A paz em si, não é a grande transcendência do ser humano, mas sim, é o caminho para relações humanas mais reais e qualificadas, mais éticas, solidárias, questionadoras, críticas, criativas, amorosas, entre tantas possibilidades. Resumindo, o caminho na busca pela paz é que se constitui na transcendência. Uma Educação para a Paz, através da perspectiva dos conflitos mediados e nas convivências não-violentas é, em si mesmo, a grande mudança que se espera, para que junto dela os conteúdos das diferentes áreas do conhecimento possam ser aprendidos, entendidos e utilizados para a preservação da vida e para o desenvolvimento humano sustentável. Nas palavras de Ana Maria Freire:
A Paz é singular por natureza, atinge o mais autêntico e mais radical do ser humano, para concretizar o Ser-Mais, como queria Paulo, e por isso lutou toda a sua vida. A Paz nos faz rir e sentirmo-nos mais gente. A Paz vem embrenhada da capacidade de dar vivência à vida democrática, socialmente a ser vivida por todos e todas sob a égide da tolerância. A Paz tem como objetivo a existência plena dos seres em geral, e mais especialmente dos seres humanos, mesmo com seus sentimentos e ações contraditórias, nutridas em nós humanos, pelos nossos mais ancestrais traços de agressividade puramente animal. É branca como a tranqüilidade, é biófila. É a expressão maior da tolerância, da colaboração da cumplicidade entre os seres vivos, daqueles que querem viver melhor. (2006, p. 390)

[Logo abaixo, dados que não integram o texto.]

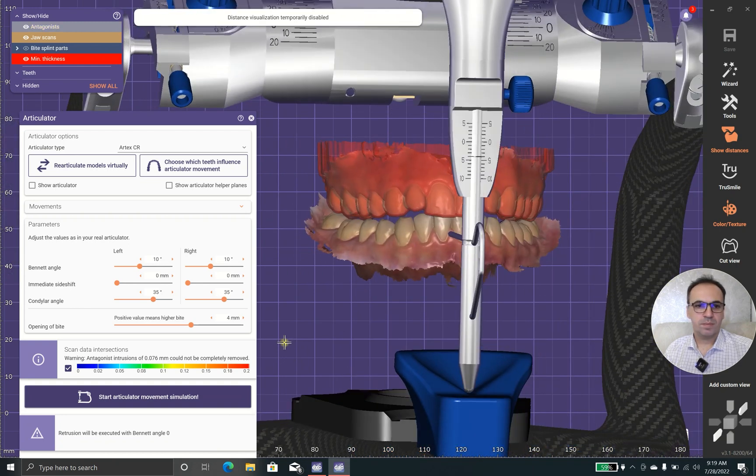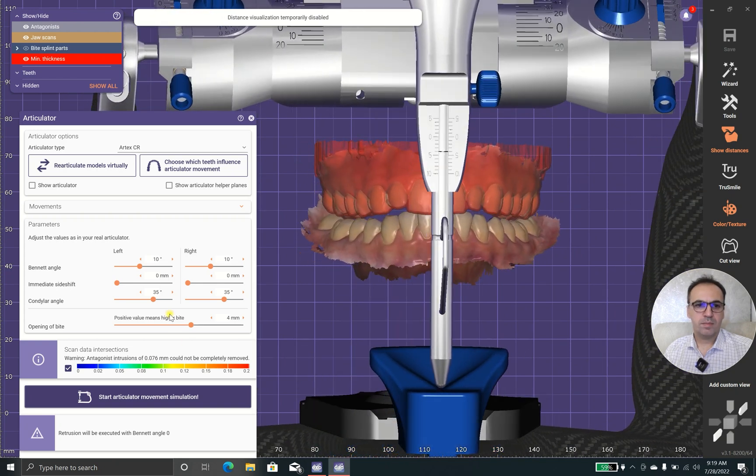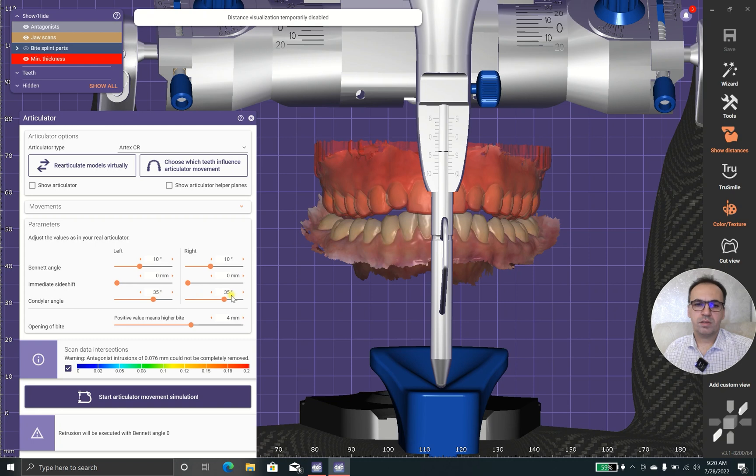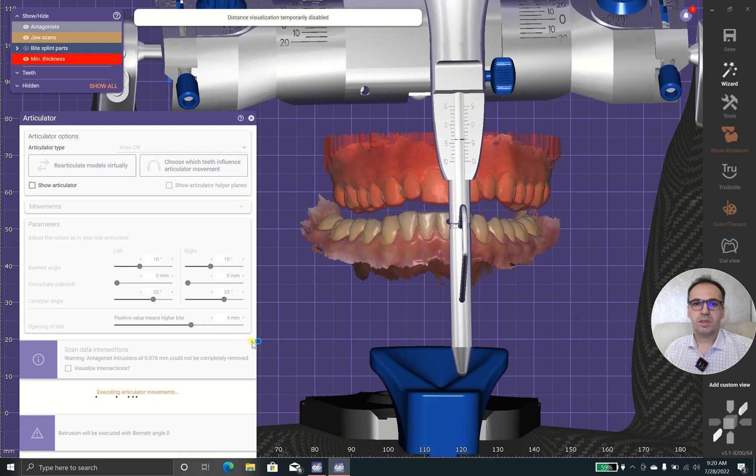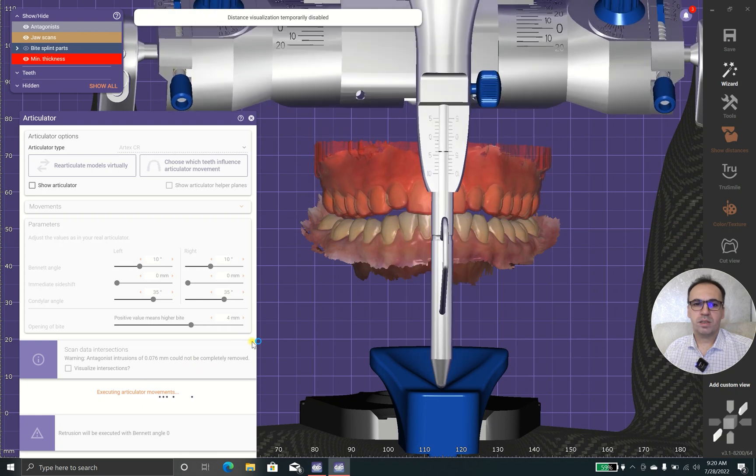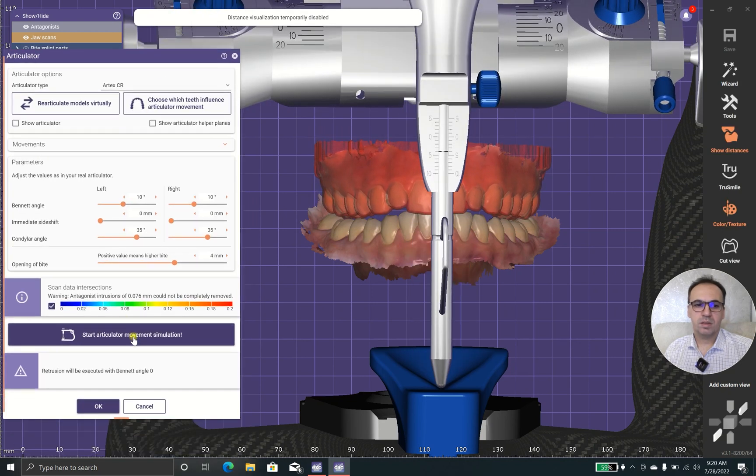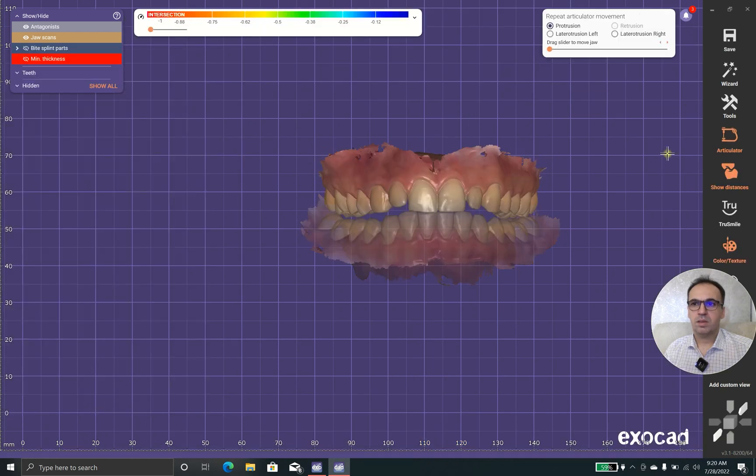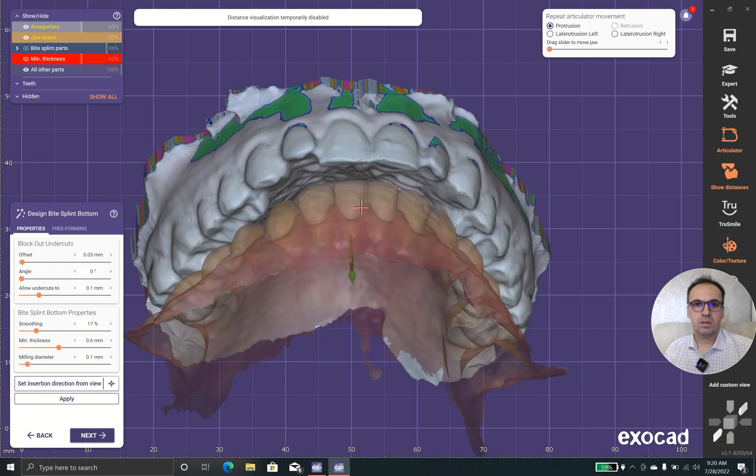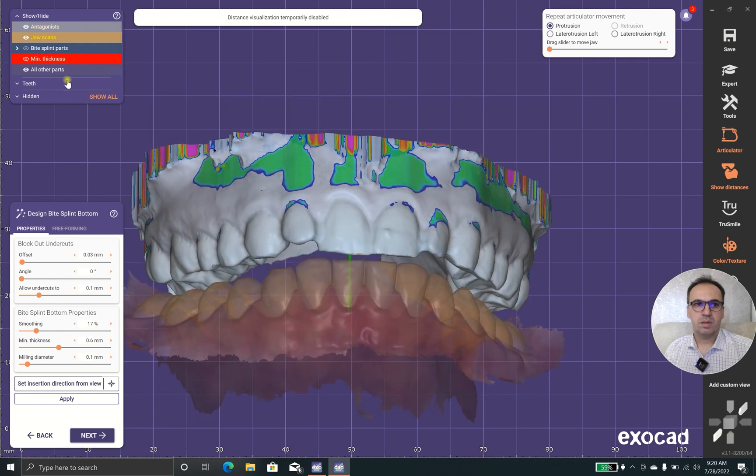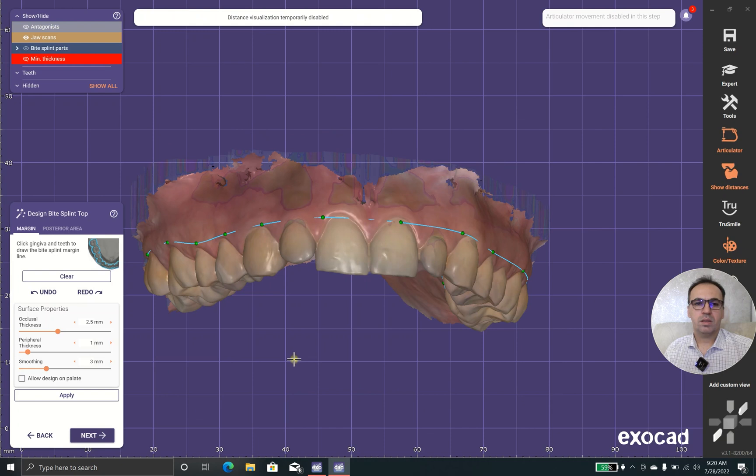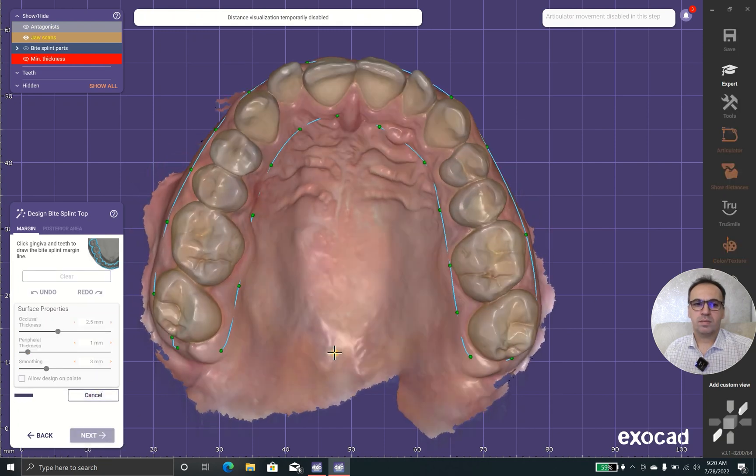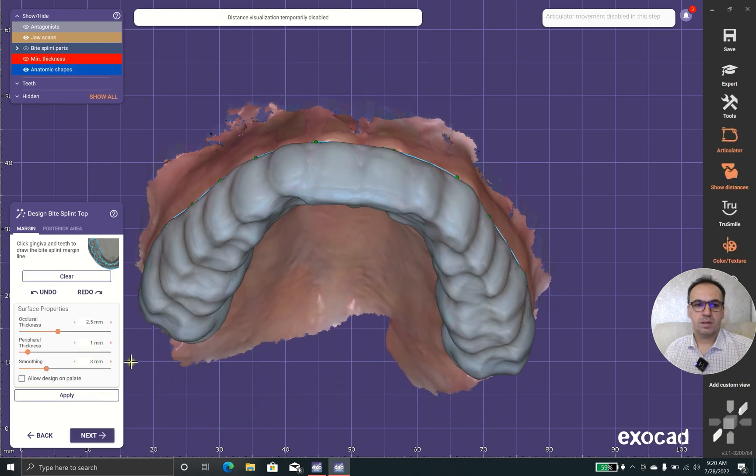This looks good. Condylar 35 degrees, 10 degrees Bennett angle, shift zero. I'm happy with these settings, and I'll run the articulator. Now I'm going to design my splint.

As palavras de Ana Maria Freire, inspiradas no pensamento freireano, que provocam pensar a boniteza a inteireza do ser humano, com sua subjetividade e objetividade e também com suas contradições, aparecem redimensionadas nas reflexões sobre a Educação para a Paz. Ao falar sobre as necessidades e estratégias da abordagem da Cultura da Paz nas escolas, Milani ressalta que seriam fundamentais para escolas e educadores voltados à construção de realidades menos violentas:
[...] afeto, respeito e diálogo; um ensino que incorpore a dimensão dos valores éticos e humanos; processos decisórios democráticos, com a efetiva participação dos alunos e de seus pais nos destinos da comunidade escolar; implementação de programas de capacitação continuada de professores; aproveitamento das oportunidades educativas para o aprendizado do respeito às diferenças e a resolução pacífica de conflitos; abandono de modelo vigente de competição e individualismo por outro, fundamentado na cooperação e no trabalho conjunto etc. (2003, p.39).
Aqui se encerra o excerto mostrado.